#### TRY IT:
Copy out every line of the data exactly; do not include the images.

DATA SEGMENT: Begin

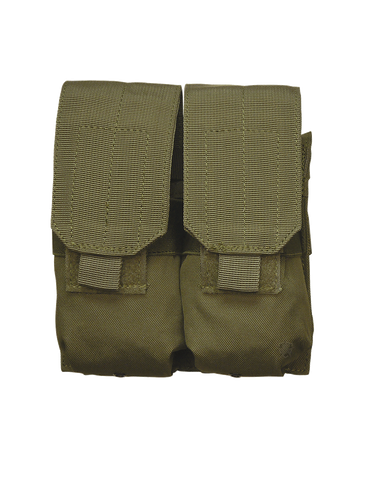 5IVE STAR GEAR M14/M16 DOUBLE MAG MOLLE POUCH OD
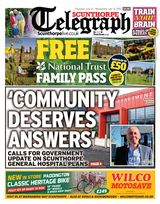 Scunthorpe Telegraph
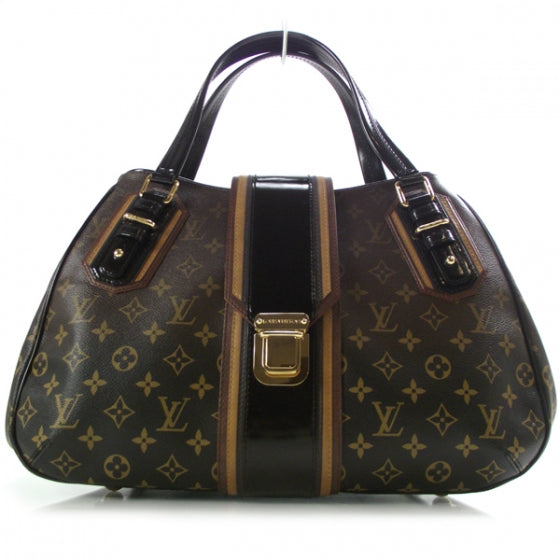 Monogram Mirage Griet Black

DATA SEGMENT: End

#### EXPECTED ANSWER:
 5IVE STAR GEAR M14/M16 DOUBLE MAG MOLLE POUCH OD
 Scunthorpe Telegraph
 Monogram Mirage Griet Black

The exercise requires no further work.